La bala que mató a mi niño en un asalto en el camión me abrió las entrañas del alma para siempre. Por quitarme un celular de la bolsa de la camisa, se le salió un tiro al ladrón y no puedo olvidar el olor a pólvora, los gritos, la temperatura de la sangre y la fetidez a muerte que emanó cuando murió el más pequeño de los míos.
Lloro todos los días a escondidas de mi mujer y de mis otros hijos. Y por favor, no recen por mí. No se compadezcan. No me deseen pronta resignación. Sólo quien ha vivido algo así, sabe que, como seres humanos, estamos imposibilitados a sobreponernos a un golpe de ese tamaño.
Tampoco me malinterpreten. No es que no agradezca sus muestras de cariño y de empatía. No doy por sentado sus apoyos, sus palabras y buenos deseos, pero la mera mera verdad, yo lo único que deseo es justicia. Hoy jueves se cumplen seis años de ese día miserable y, a la fecha, no hay autoridad que haya apresado al pinche asesino. Obviamente, aquel se muda de ciudad y la autoridad se hace la bruta, pierden papeles y no mueven un dedo ni escupen una palabra, salvo que les represente el menor esfuerzo posible.
Si mi expediente no se ha visto archivado como los cientos de miles que se dejan sin resolver, es porque yo he hecho misión de mi vida encontrar al cabrón ese y porque he dado con su paradero en varias ocasiones y se lo he informado al Ministerio Público, pero me consta que ni tienen la posibilidad ni los recursos ni los valores. En este país y por varias generaciones, la justicia no es una majestuosa diosa vendada, sino es una mujer sordomuda a la que le arrancaron los ojos, que anda en harapos, vaga descalza y la violan en cada esquina los políticos en turno.
Las costumbres son siempre las mismas, los políticos, los mismos, y para acabarla de joder, los recursos son menos y la falta de transparencia está peor. Perdonen mi negatividad, pero la situación está del carajo cuando se ahorra en salud y en justicia y se aumenta el gasto en publicidad y fuerza pública. Nuestro pedo no es la falta de leyes, sino la impunidad. Más, cuando escucho que, en México, según un índice internacional, estamos en el lugar 117 de 126 países en términos de corrupción e inseguridad, y cuando somos de los últimos lugares del mundo, en justicia. Estamos peor que en África llena de pobres como en Nepal y Botswana, Senegal y Marruecos. Estamos tan mal que de todo el continente americano, sólo están peor que nosotros en Guatemala, Bolivia y Venezuela*.

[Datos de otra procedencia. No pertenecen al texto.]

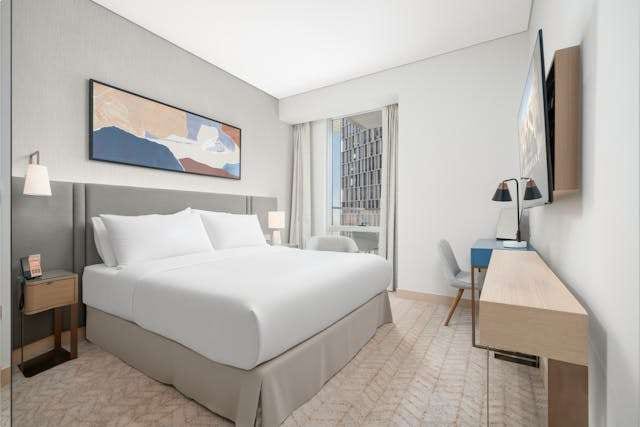 A hotel-style bedroom with a white bed, a wooden desk and pale patterned carpet.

Pal’perro, me cae. Y entonces salen los voceros de los gobiernos de todos los niveles, a jurarnos igual que antes, que tengamos paciencia, pero en nuestros ojos estamos viendo que las cosas empeoran y que no atienden lo que nos afecta a los que menos tenemos (créanme que si yo tuviera los medios, ya hubiera enterrado al muy maldito asesino desde hace mucho).
En el México injusto, los pobres, los de abajo, siempre somos los perjudicados de las decisiones que toman los de arriba y los de en medio. Aunque digan que les importamos, aunque sean buenos, como decía un filósofo que leí, cuando hay justicia, pero no tenemos fuerza, el pueblo sufrimos de impotencia. Y cuando como ahora, hay fuerza pública, pero en el pueblo no tenemos justicia, sufrimos tarde o temprano, de tiranía.
*Datos del World Justice Project Index 2019.